859 F.2d 1059 (1988) | Cited 52 times | First Circuit | October 20, 1988

SELYA, Circuit Judge.

Because this is an interlocutory appeal which involves us but peripherally in the merits of the case, we offer an abbreviated account of the proceedings and a decurtate explanation concerning the lone matter which lies within our present ken.


Plaintiff-appellee Dennis J. Domegan, a state prisoner, sued various administrators and correctional officials at the Massachusetts Correctional Institute -- Walpole (MCI-Walpole), claiming that they had run afoul of 42 U.S.C. § 1983 and the Massachusetts Civil Rights Act, Mass. Gen. Laws ch. 12, §§ 11H & 11I (West 1986), in several ways: (1) inflicting cruel and unusual punishment upon him in violation of the Eighth and Fourteenth Amendments to the United States Constitution and the Massachusetts Declaration of Rights, (2) depriving him of liberty without due process of law contrary to the Fourteenth Amendment, and (3) interfering with rights secured by state law.
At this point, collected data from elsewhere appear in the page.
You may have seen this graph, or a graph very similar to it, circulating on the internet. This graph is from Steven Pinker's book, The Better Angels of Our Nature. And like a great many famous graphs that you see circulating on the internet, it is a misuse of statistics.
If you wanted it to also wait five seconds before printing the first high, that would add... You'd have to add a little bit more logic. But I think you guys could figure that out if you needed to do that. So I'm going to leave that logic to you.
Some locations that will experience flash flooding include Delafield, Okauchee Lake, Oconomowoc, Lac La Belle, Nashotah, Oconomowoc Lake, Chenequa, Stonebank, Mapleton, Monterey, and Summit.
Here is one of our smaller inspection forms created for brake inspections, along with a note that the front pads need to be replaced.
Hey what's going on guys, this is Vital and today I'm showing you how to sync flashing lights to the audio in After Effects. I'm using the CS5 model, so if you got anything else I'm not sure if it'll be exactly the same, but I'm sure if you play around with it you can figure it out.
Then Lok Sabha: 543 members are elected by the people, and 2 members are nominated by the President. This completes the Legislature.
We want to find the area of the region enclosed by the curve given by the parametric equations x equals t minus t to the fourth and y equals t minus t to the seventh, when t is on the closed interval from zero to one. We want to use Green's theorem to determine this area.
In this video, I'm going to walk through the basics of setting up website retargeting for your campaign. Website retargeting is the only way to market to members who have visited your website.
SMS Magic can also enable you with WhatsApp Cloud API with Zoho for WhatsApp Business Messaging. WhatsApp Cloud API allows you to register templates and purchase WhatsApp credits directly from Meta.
Defendants (appellants before us) sought partial summary judgment on the basis that they were qualifiedly immune from the prayers for money damages. See generally Anderson v. Creighton, 483 U.S. 635, 107 S. Ct. 3034, 97 L. Ed. 2d 523 (1987); Harlow v. Fitzgerald, 457 U.S. 800, 73 L. Ed. 2d 396, 102 S. Ct. 2727 (1982). The district court denied their motion and simultaneously granted plaintiff partial summary judgment in connection with his due process claims. After reconsideration was denied, this appeal followed.


Defendants want to bite off far more than we can allow them to chew. They profess to seek immediate review of (1) the grant of partial summary judgment in plaintiff's favor, (2) the denial of their cross motion for brevis disposition on qualified immunity grounds, and (3) the rebuff of their effort to obtain reconsideration and clarification. Yet all three of these rulings are interlocutory; none are "final decisions" within the meaning of 28 U.S.C. § 1291. Because finality is lacking, they are not immediately appealable "unless appellate jurisdiction attaches in some other fashion." In re Recticel Foam Corp., 859 F.2d 1059 (1st Cir. 1988).
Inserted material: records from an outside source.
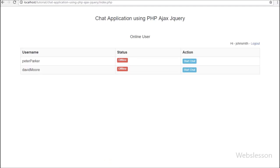Hi guys, this is the sixth part of creating a chat application with PHP using AJAX and jQuery. In this part we will discuss how to send a chat message to another user.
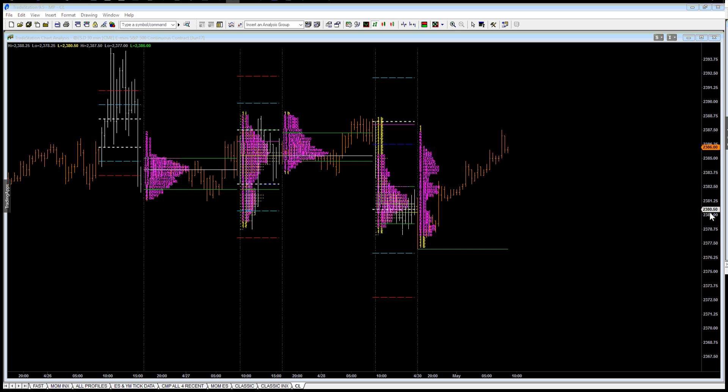We closed at 80.50, so we've gotten a nice move up during the overnight activity. And we've left a couple of low volume nodes, an area of potential repair in here.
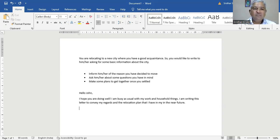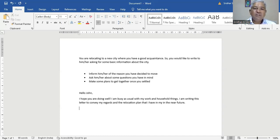So we have addressed not the prompt, but the main subject itself — you are relocating to a new city where you have a good acquaintance, and you would like to write to him or her asking for some basic information about the city. Inform him or her of the reason you have decided to move. So now I'm going to write.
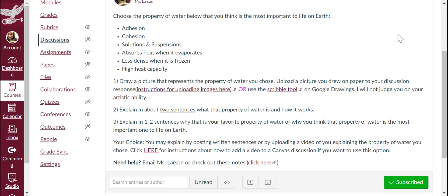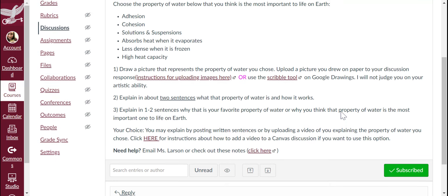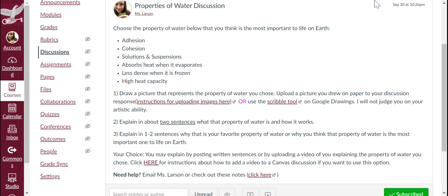When you're done getting ready, make sure that you click Submit and post your discussion so that everybody can see. Thanks so much!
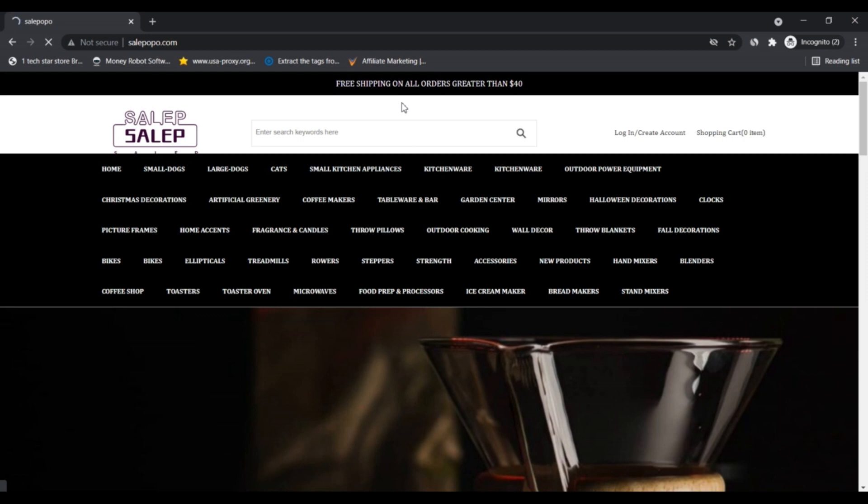That's why in Sailpop.com, you will find a custom collection for every profession, hobby, sport, passion, or anything you might think of.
The middle item in this list of three -- the order refusing partial summary judgment on the ground of qualified immunity -- is properly before us under the collateral-order exception to the finality rule. See Mitchell v. Forsyth, 472 U.S. 511, 524-30, 86 L. Ed. 2d 411, 105 S. Ct. 2806 (1985); Vazquez Rios v. Hernandez Colon, 819 F.2d 319, 320 (1st Cir. 1987). But the jurisdiction so conferred is severely restricted. Cheveras Pacheco v. Rivera Gonzalez, 809 F.2d 125, 127 (1st Cir. 1987); Bonitz v. Fair, 804 F.2d 164, 166-67, 173-76 (1st Cir. 1986). The pendency of a Mitchell appeal gives us no purchase to entertain appellants' remaining assignments of error. Notwithstanding that we have jurisdiction to review the denial of qualified immunity midstream, "any additional claim presented to and rejected by the district court must independently satisfy the collateral-order exception to the final-judgment rule in order for us to address it on an interlocutory appeal." Bonitz, 804 F.2d at 173.
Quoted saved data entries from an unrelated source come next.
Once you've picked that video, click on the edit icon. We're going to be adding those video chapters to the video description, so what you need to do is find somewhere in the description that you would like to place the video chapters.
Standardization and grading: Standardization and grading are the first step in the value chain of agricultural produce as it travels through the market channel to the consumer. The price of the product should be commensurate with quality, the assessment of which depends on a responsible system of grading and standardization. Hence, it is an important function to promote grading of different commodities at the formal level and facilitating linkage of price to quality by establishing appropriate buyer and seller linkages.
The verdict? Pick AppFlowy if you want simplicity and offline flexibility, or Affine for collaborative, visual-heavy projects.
It is too plain to warrant citation of authority that the district court's grant of partial summary judgment in Domegan's favor -- a grant which left unresolved his Eighth Amendment and state-law claims, and which, as to due process, adjudicated only liability and not damages -- is not a final order; it cannot be said to "resolv[e] the contested matter, leaving nothing to be done except execution of the judgment." United States v. Metropolitan Dist. Comm'n, 847 F.2d 12, 14 (1st Cir. 1988). And that order fails at least three of the four requisites for invocation of the collateral-order exception: it lacks separability, finality, and urgency.1 The order declining reconsideration is even more clearly outside the scope of interlocutory review. Thus, although we consider the refusal of appellants' Mitchell motion, we take no view of any unrelated rulings of the district court. Rather, we focus at this intermediate stage of the litigation exclusively upon (1) the question of whether appellants were erroneously deprived of the benefits of Harlow immunity, see infra Part III, and (2) certain procedural niceties related to the lower court's decision on qualified immunity, see infra Part IV.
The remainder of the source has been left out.